Как только въехали в рощу, все снова подтянулись, насторожились. Бойцы, как по команде, сняли с плеч винтовки и положили на колени. Двигались по когда-то проложенной людьми, но сейчас заросшей тропе. Видно, давно здесь не ступала нога человека: орешник разросся, низко свисали ветки деревьев, всадники то и дело пригибались…
Солнце клонилось к закату, когда отряд стал над Чунтаком — на холме, с которого они должны были спуститься в кишлак. Виктор внимательно рассматривал в бинокль безлюдные улицы селения. Он боялся напороться на засаду басмачей. Кто знает, может быть, в эту минуту они смотрят на эскадрон через прорезь прицела.
Виктор опустил бинокль.
— Пошлем добровольца, пускай разведает, — сказал он Курбану. — Кто пойдет?
— Я, — подъехал Эшнияз.
— Один пойдешь?
— А что, волк меня съест?!
— Подавится… — засмеялся Виктор, глядя на его богатырскую фигуру. — Поговоришь с людьми… Мы здесь постоим!.. Если встретишь подозрительного, не суетись, разговаривай спокойно, посмотрите, мол, наверх!..
…Эшнияз походил по краю обрыва и неожиданно, подняв уголки подола халата, сел на снег и, как на салазках, заскользил вниз. Когда оставалось всего-ничего, упал на бок. Вот встал, отряхнулся. Срезал прут с тамариска, зачистив, сделал шомпол и прочистил ствол винтовки.
Эшнияз перебрался вброд через маловодный сай на другой берег. Здесь начинался кишлак. Жалкие жилища из самана, крытые проходы с улицы во дворы лепились по склону горы. Они разделялись между собой плетеными из прутьев тала заборами. В некоторых дворах чернели голые деревья, стояли на снегу коровы, ослы.

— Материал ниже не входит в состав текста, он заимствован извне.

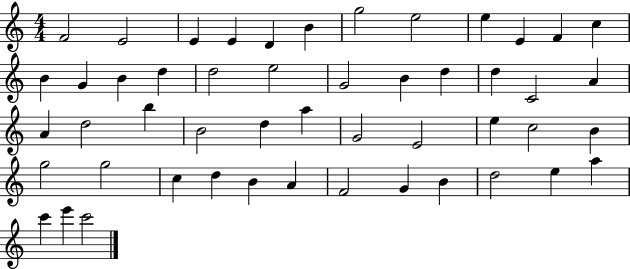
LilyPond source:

{
  \clef treble
  \numericTimeSignature
  \time 4/4
  \key c \major
  f'2 e'2 | e'4 e'4 d'4 b'4 | g''2 e''2 | e''4 e'4 f'4 c''4 | \break b'4 g'4 b'4 d''4 | d''2 e''2 | g'2 b'4 d''4 | d''4 c'2 a'4 | \break a'4 d''2 b''4 | b'2 d''4 a''4 | g'2 e'2 | e''4 c''2 b'4 | \break g''2 g''2 | c''4 d''4 b'4 a'4 | f'2 g'4 b'4 | d''2 e''4 a''4 | \break c'''4 e'''4 c'''2 | \bar "|."
}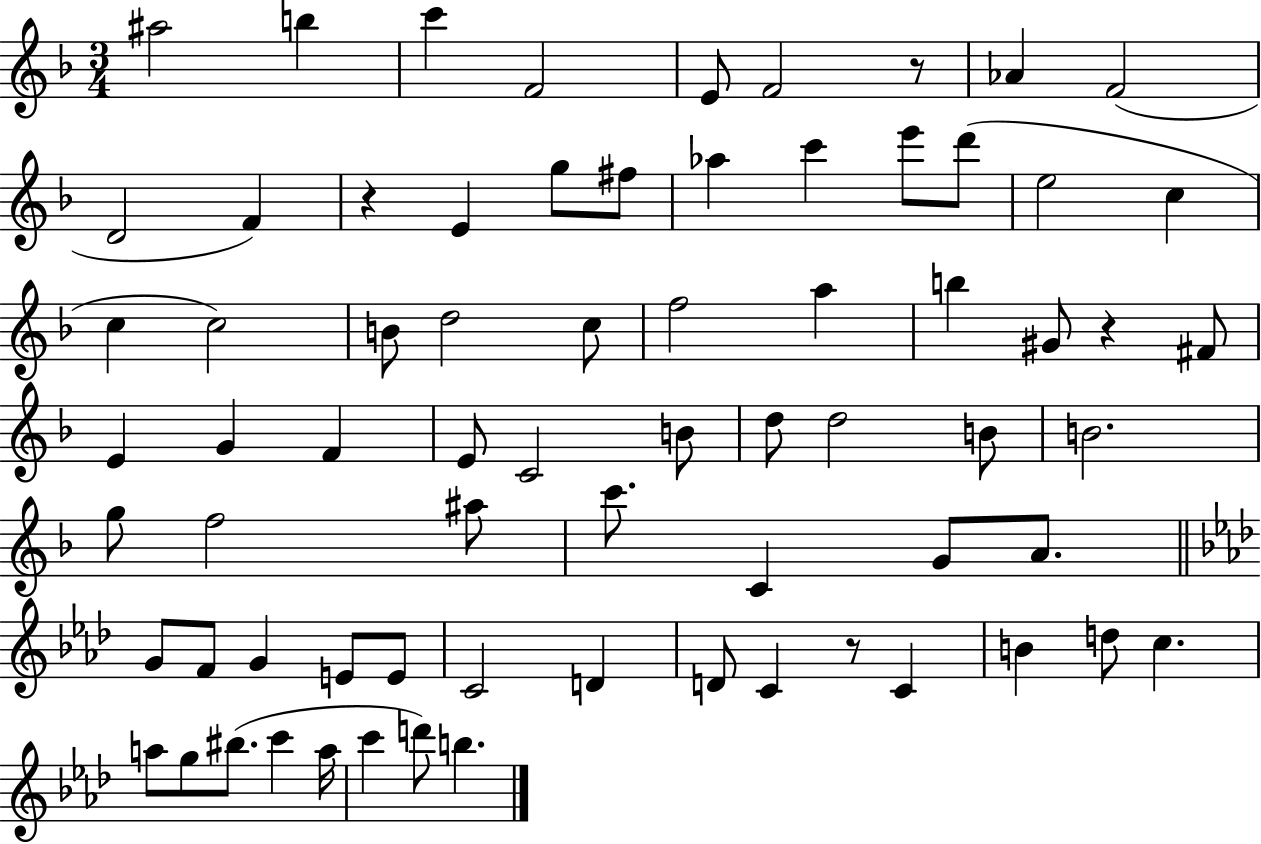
{
  \clef treble
  \numericTimeSignature
  \time 3/4
  \key f \major
  ais''2 b''4 | c'''4 f'2 | e'8 f'2 r8 | aes'4 f'2( | \break d'2 f'4) | r4 e'4 g''8 fis''8 | aes''4 c'''4 e'''8 d'''8( | e''2 c''4 | \break c''4 c''2) | b'8 d''2 c''8 | f''2 a''4 | b''4 gis'8 r4 fis'8 | \break e'4 g'4 f'4 | e'8 c'2 b'8 | d''8 d''2 b'8 | b'2. | \break g''8 f''2 ais''8 | c'''8. c'4 g'8 a'8. | \bar "||" \break \key aes \major g'8 f'8 g'4 e'8 e'8 | c'2 d'4 | d'8 c'4 r8 c'4 | b'4 d''8 c''4. | \break a''8 g''8 bis''8.( c'''4 a''16 | c'''4 d'''8) b''4. | \bar "|."
}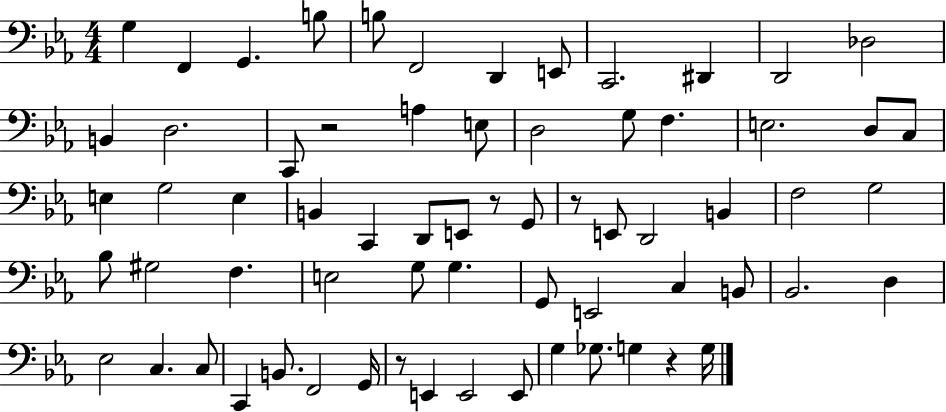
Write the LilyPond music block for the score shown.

{
  \clef bass
  \numericTimeSignature
  \time 4/4
  \key ees \major
  \repeat volta 2 { g4 f,4 g,4. b8 | b8 f,2 d,4 e,8 | c,2. dis,4 | d,2 des2 | \break b,4 d2. | c,8 r2 a4 e8 | d2 g8 f4. | e2. d8 c8 | \break e4 g2 e4 | b,4 c,4 d,8 e,8 r8 g,8 | r8 e,8 d,2 b,4 | f2 g2 | \break bes8 gis2 f4. | e2 g8 g4. | g,8 e,2 c4 b,8 | bes,2. d4 | \break ees2 c4. c8 | c,4 b,8. f,2 g,16 | r8 e,4 e,2 e,8 | g4 ges8. g4 r4 g16 | \break } \bar "|."
}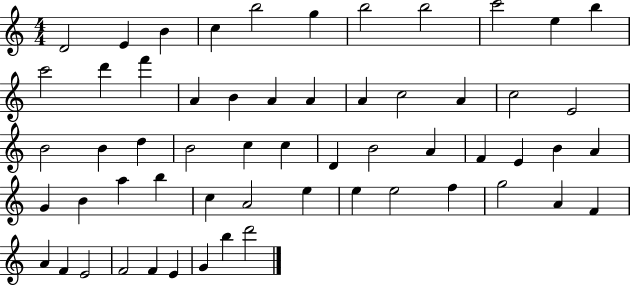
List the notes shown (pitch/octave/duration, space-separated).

D4/h E4/q B4/q C5/q B5/h G5/q B5/h B5/h C6/h E5/q B5/q C6/h D6/q F6/q A4/q B4/q A4/q A4/q A4/q C5/h A4/q C5/h E4/h B4/h B4/q D5/q B4/h C5/q C5/q D4/q B4/h A4/q F4/q E4/q B4/q A4/q G4/q B4/q A5/q B5/q C5/q A4/h E5/q E5/q E5/h F5/q G5/h A4/q F4/q A4/q F4/q E4/h F4/h F4/q E4/q G4/q B5/q D6/h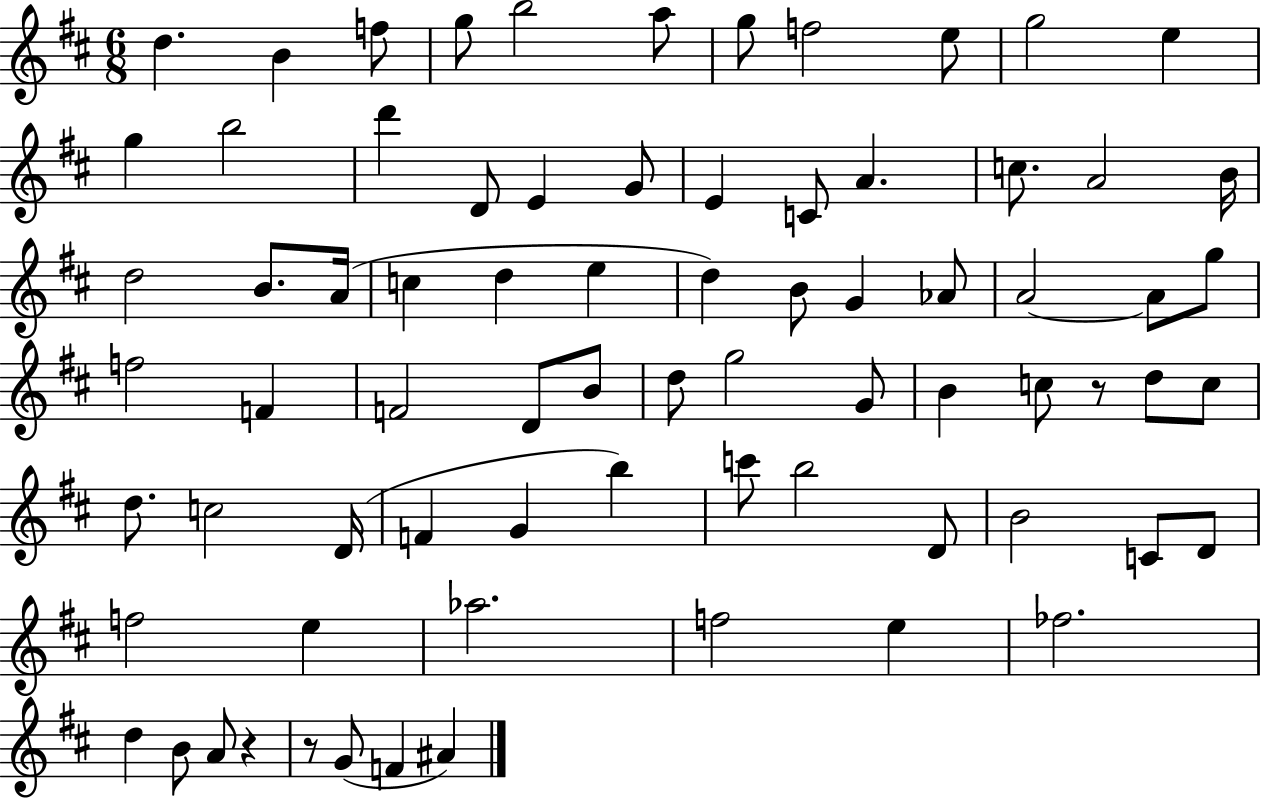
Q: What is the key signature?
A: D major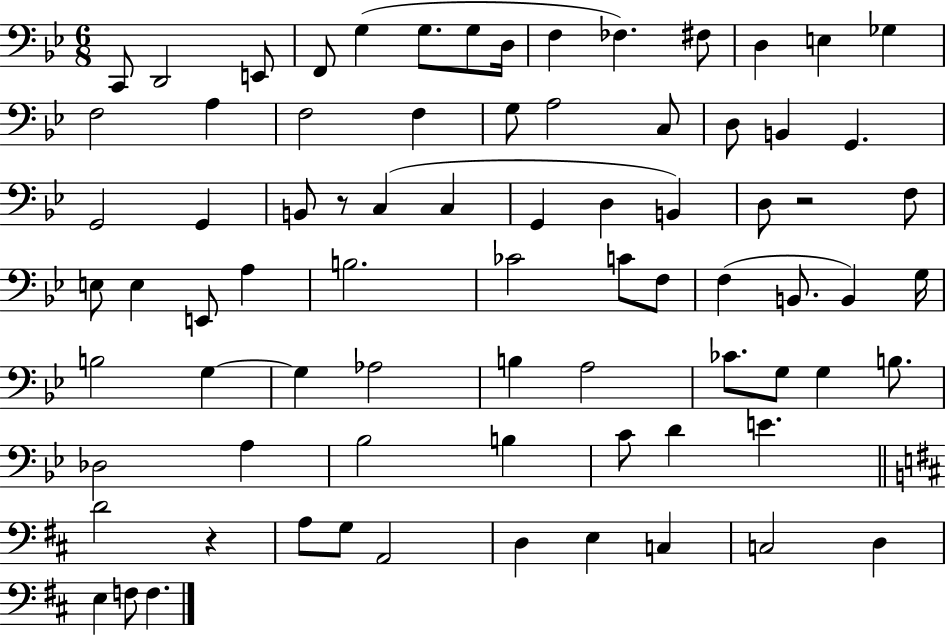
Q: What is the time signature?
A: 6/8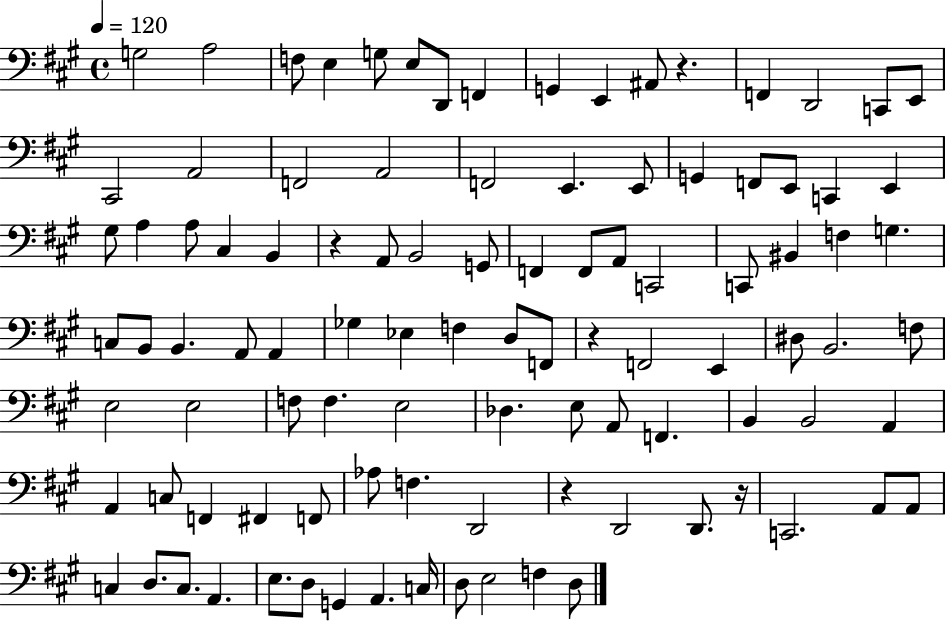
X:1
T:Untitled
M:4/4
L:1/4
K:A
G,2 A,2 F,/2 E, G,/2 E,/2 D,,/2 F,, G,, E,, ^A,,/2 z F,, D,,2 C,,/2 E,,/2 ^C,,2 A,,2 F,,2 A,,2 F,,2 E,, E,,/2 G,, F,,/2 E,,/2 C,, E,, ^G,/2 A, A,/2 ^C, B,, z A,,/2 B,,2 G,,/2 F,, F,,/2 A,,/2 C,,2 C,,/2 ^B,, F, G, C,/2 B,,/2 B,, A,,/2 A,, _G, _E, F, D,/2 F,,/2 z F,,2 E,, ^D,/2 B,,2 F,/2 E,2 E,2 F,/2 F, E,2 _D, E,/2 A,,/2 F,, B,, B,,2 A,, A,, C,/2 F,, ^F,, F,,/2 _A,/2 F, D,,2 z D,,2 D,,/2 z/4 C,,2 A,,/2 A,,/2 C, D,/2 C,/2 A,, E,/2 D,/2 G,, A,, C,/4 D,/2 E,2 F, D,/2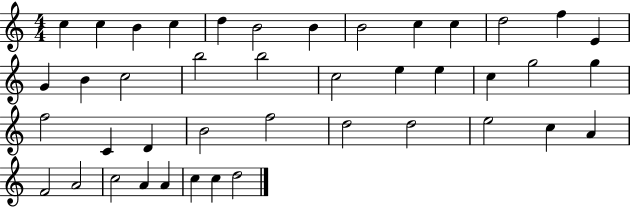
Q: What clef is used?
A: treble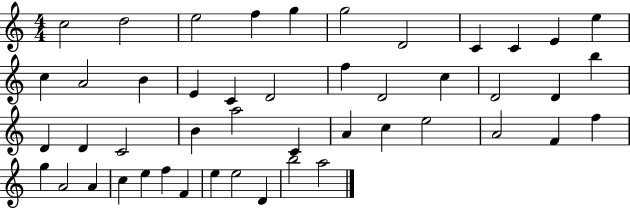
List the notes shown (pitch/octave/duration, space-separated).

C5/h D5/h E5/h F5/q G5/q G5/h D4/h C4/q C4/q E4/q E5/q C5/q A4/h B4/q E4/q C4/q D4/h F5/q D4/h C5/q D4/h D4/q B5/q D4/q D4/q C4/h B4/q A5/h C4/q A4/q C5/q E5/h A4/h F4/q F5/q G5/q A4/h A4/q C5/q E5/q F5/q F4/q E5/q E5/h D4/q B5/h A5/h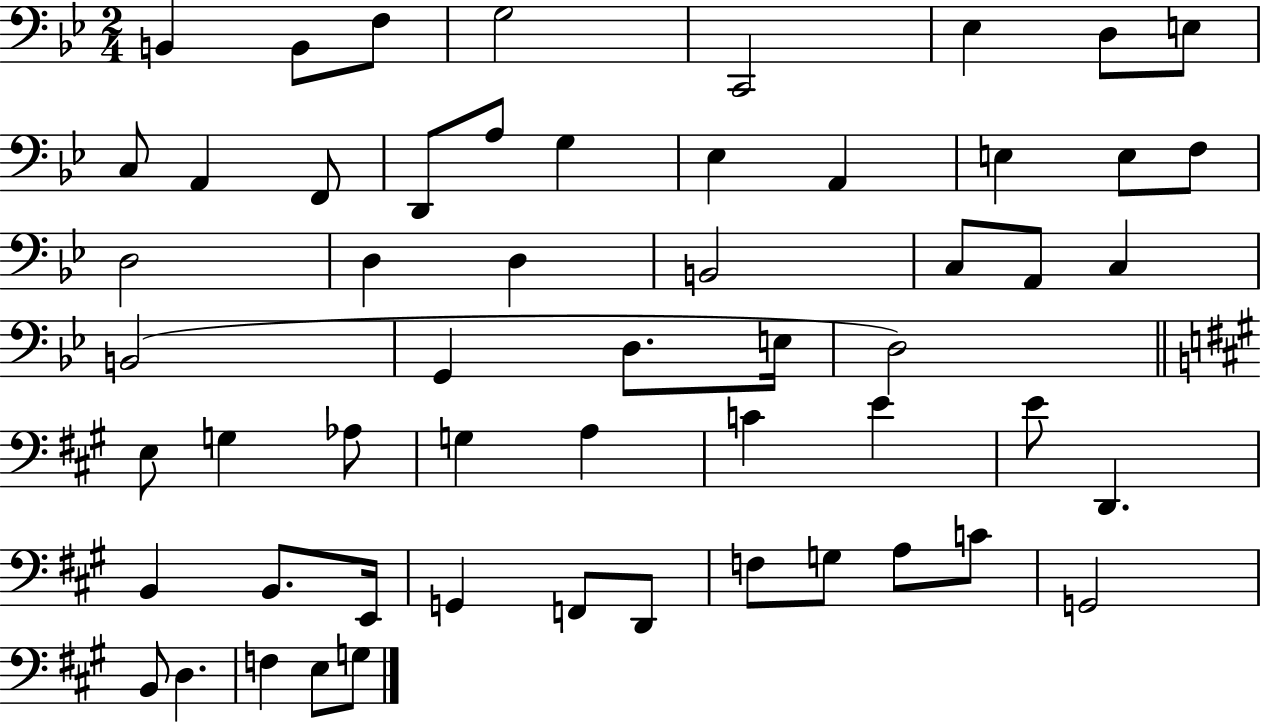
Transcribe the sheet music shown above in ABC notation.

X:1
T:Untitled
M:2/4
L:1/4
K:Bb
B,, B,,/2 F,/2 G,2 C,,2 _E, D,/2 E,/2 C,/2 A,, F,,/2 D,,/2 A,/2 G, _E, A,, E, E,/2 F,/2 D,2 D, D, B,,2 C,/2 A,,/2 C, B,,2 G,, D,/2 E,/4 D,2 E,/2 G, _A,/2 G, A, C E E/2 D,, B,, B,,/2 E,,/4 G,, F,,/2 D,,/2 F,/2 G,/2 A,/2 C/2 G,,2 B,,/2 D, F, E,/2 G,/2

Глянув вверх, Эшнияз увидел своих товарищей и уверенно зашагал по тесной улочке. Он дошел до первого двора, перемахнул через низкую ограду. И тут увидел, что навстречу ему, разгребая снег толстыми мохнатыми лапами, несутся две огромные собаки. Эшнияз, выросший в пустыне, знал: в пустыне и в горах цена собаки слишком высока. За породистого щенка не пожалеют хорошего бычка. Понимая, что если побьет собак, то может вызвать враждебное отношение хозяев, Эшнияз, глядя на видневшийся в глубине двора дом, заорал, что есть мочи, упал на снег и набычил голову. Собаки остановились и, рыча, стали кружить возле него.
На айване показались трое. Самый маленький из них быстро спрыгнул с айвана и, крича «стой, где стоишь!», побежал отгонять собак.
Эшнияз поднялся, стряхивая снег, поздоровался со своим спасителем.
— Здравствуй, братишка!
— Здравствуйте. — Мальчишка смотрел враждебно. Заметив это, Эшнияз повел подбородком в сторону холма. — Их видишь?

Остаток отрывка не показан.